Poll: Americans Agree On Having Paid Leave, They Just Don’t Agree How To Do It
Researchers agree on the benefits of paid family leave. Ivanka Trump is down with the idea. And even some companies are coming around. Now a new national poll gives hope that there are a lot of parents who want a better policy than Papau New Guinea. That said, there are a lot of ways to get there. The problem is people can’t seem to agree on any of them.
The Pew Research Center looked at data from two surveys regarding leave. One had a random sample of 2,029 Americans. The other had a more specific cross-section of 5,934 employed adults who had wanted — or needed — to take time off from work (but couldn’t because of The Man). They respondents were like-minded on many subjects: 82 percent of Americans said mothers should have paid maternity leave. Comparatively, 69 percent said fathers should too. For individuals who believed in both paternity and maternity leave, most agreed mothers should have twice as much — 8.6 weeks compared to 4.3 weeks for dads. That’s the good news.
But the devil is in the details and the details are in the dollars. Though a majority of respondents thought employers should pay for leave (as opposed to the feds), how to make that happen created a schism in respondents. 51 percent said the government should require employers to provide the paid leave. However, 48 percent felt companies should be free to decide for themselves. Another 45 percent of Americans favored government tax credits for employers that provide paid leave. But 39 percent supported a system that would allow workers to set aside monthly pretax contributions. On top of that, 58 percent expressed concerns that universal access to paid leave would have a negative impact on small businesses, regardless of the research.
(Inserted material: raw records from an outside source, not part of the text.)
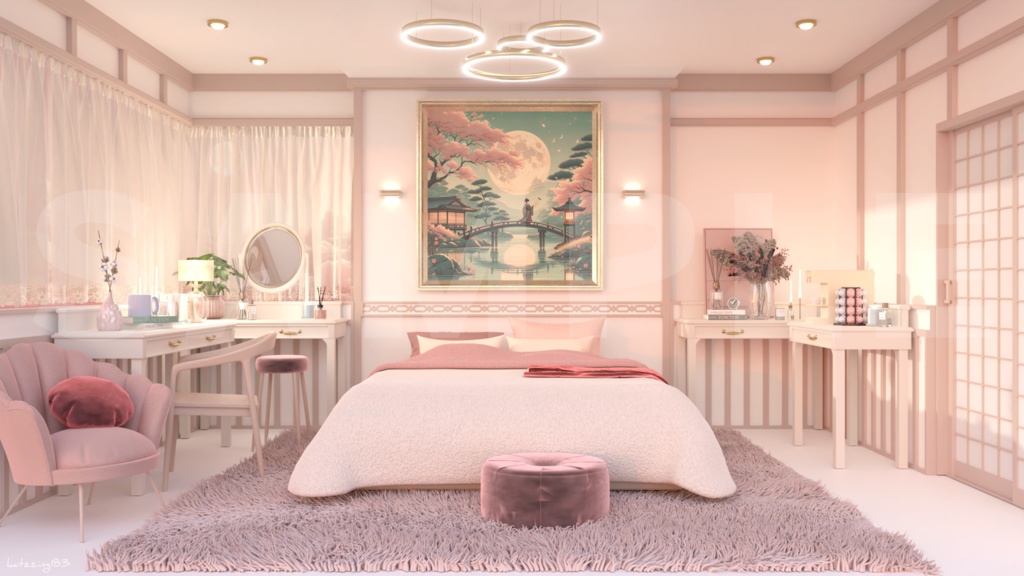 【配信素材】 girl's room 4k vtuber Live streaming background 【Vtuber向け】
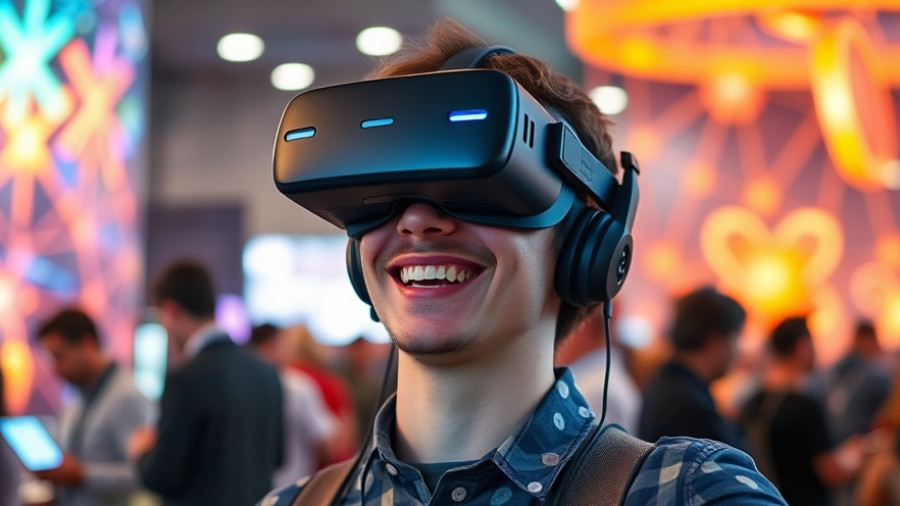 Exploring magic mirror technology in gaming at a tech event.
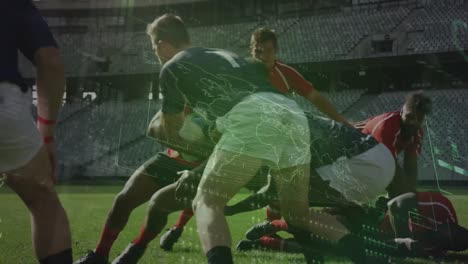 animation of data processing over rugby match in sports stadium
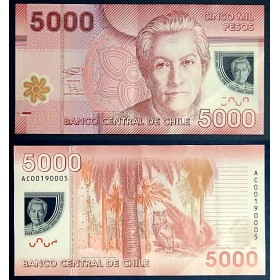 Chili P.163h, TTB Billet de 5000 Pesos 2021 Gabriela Mistral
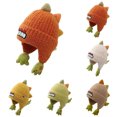 thumbnail image 2 of Povozer Baby Beanie Winter Hat Knitted Warm Hat Kids Winter Hat With Dinosaur Design Blue White Knit Fleece Lined Ear One Size Warm Winter Headwear For Boys Girls,Size 1-4Years,Khaki, 2 of 9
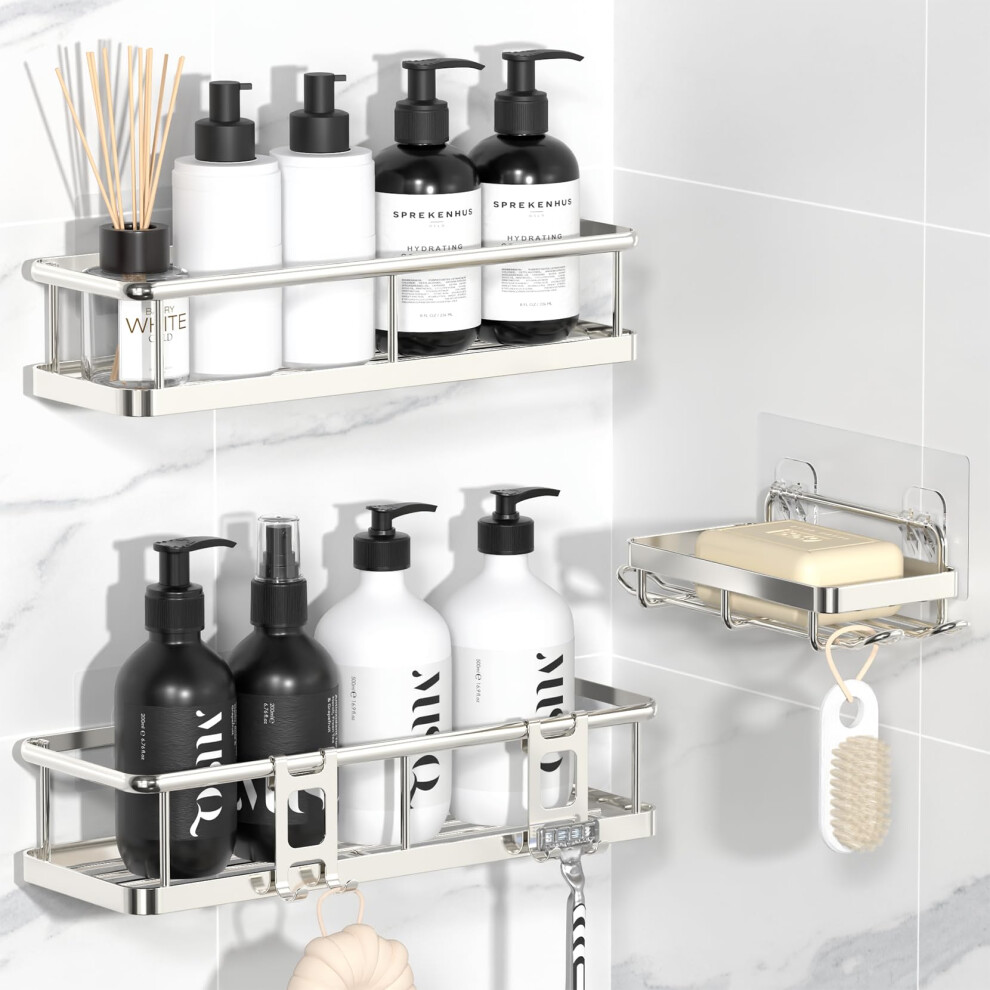 Yasonic Shower Caddy, 100% Rustproof Bathroom Shelves With Soap Holder And Hooks, Large Capacity Shower Shelf No Drilling, Wall-Mounted Adhesive Show 5007044229768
The U.S. isn’t the only country that’s struggled to come up with a solution, but they are one of the few to essentially not attempt to find one. Right now, only 12 percent of private-sector workers have access to paid leave through their employers. Of the few fathers who actually took it, 7 in 10 were back to work in 2 weeks. Yet 55 percent of PEW survey participants thought people would abuse the time off. That said, it’s hard to abuse what you never had. If parents want to up America’s leave game they’re going to have to eventually get on the same team. Otherwise, American paternity leave policy will continue to be like your kid after accidentally getting into the bran muffins: completely shitty.